> Problem to solve
Your answer must be an exact copy of the entries below, with no pictures in it.

> Dataset extract

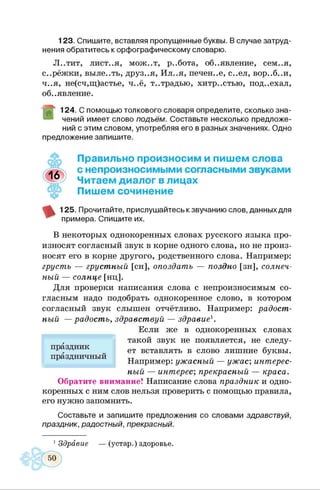123. Спишите, вставляя пропущенные буквы. В случае затруд­
нения обратитесь к орфографическому словарю.
Л..тит, лист..я, мож..т, р..бота, объявление, сем..я,
с..рёжки, выле..ть, друз..я, Ил..я, печен..е, с..ел, вор..б..и,
ч..я, не(сч,щ)астье, ч..ё, т..традью, хитр..стью, под..ехал,
объявление.
124. С помощью толкового словаря определите, сколько зна­
чений имеет слово подъём. Составьте несколько предложе­
ний с этим словом, употребляя его в разных значениях. Одно
предложение запишите.
Правильно произносим и пишем слова
с непроизносимыми согласными звуками
Читаем диалог в лицах
Пишем сочинение
125. Прочитайте, прислушайтесь к звучанию слов, данных для
примера. Спишите их.
В некоторых однокоренных словах русского языка про­
износят согласный звук в корне одного слова, но не произ­
носят его в корне другого, родственного слова. Например:
грусть — грустный [сн], опоздать — поздно [зн], солнеч­
ный — солнце [нц].
Для проверки написания слова с непроизносимым со­
гласным надо подобрать однокоренное слово, в котором
согласный звук слышен отчётливо. Например: радост­
ный — радость, здравствуй — здравие1.
Если же в однокоренных словах
такой звук не появляется, не следу­
ет вставлять в слово лишние буквы.
Например: ужасный — ужас; интерес­
ный — интерес; прекрасный — краса.
Обратите внимание! Написание слова праздник и одно­
коренных с ним слов нельзя проверить с помощью правила,
его нужно запомнить.
Составьте и запишите предложения со словами здравствуй,
праздник, радостный, прекрасный.
праздник
праздничный
1Здравие (устар.) здоровье.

> Written response
123. Спишите, вставляя пропущенные буквы. В случае затруд­
нения обратитесь к орфографическому словарю.
Л..тит, лист..я, мож..т, р..бота, объявление, сем..я,
с..рёжки, выле..ть, друз..я, Ил..я, печен..е, с..ел, вор..б..и,
ч..я, не(сч,щ)астье, ч..ё, т..традью, хитр..стью, под..ехал,
объявление.
124. С помощью толкового словаря определите, сколько зна­
чений имеет слово подъём. Составьте несколько предложе­
ний с этим словом, употребляя его в разных значениях. Одно
предложение запишите.
Правильно произносим и пишем слова
с непроизносимыми согласными звуками
Читаем диалог в лицах
Пишем сочинение
125. Прочитайте, прислушайтесь к звучанию слов, данных для
примера. Спишите их.
В некоторых однокоренных словах русского языка про­
износят согласный звук в корне одного слова, но не произ­
носят его в корне другого, родственного слова. Например:
грусть — грустный [сн], опоздать — поздно [зн], солнеч­
ный — солнце [нц].
Для проверки написания слова с непроизносимым со­
гласным надо подобрать однокоренное слово, в котором
согласный звук слышен отчётливо. Например: радост­
ный — радость, здравствуй — здравие1.
Если же в однокоренных словах
такой звук не появляется, не следу­
ет вставлять в слово лишние буквы.
Например: ужасный — ужас; интерес­
ный — интерес; прекрасный — краса.
Обратите внимание! Написание слова праздник и одно­
коренных с ним слов нельзя проверить с помощью правила,
его нужно запомнить.
Составьте и запишите предложения со словами здравствуй,
праздник, радостный, прекрасный.
праздник
праздничный
1Здравие (устар.) здоровье.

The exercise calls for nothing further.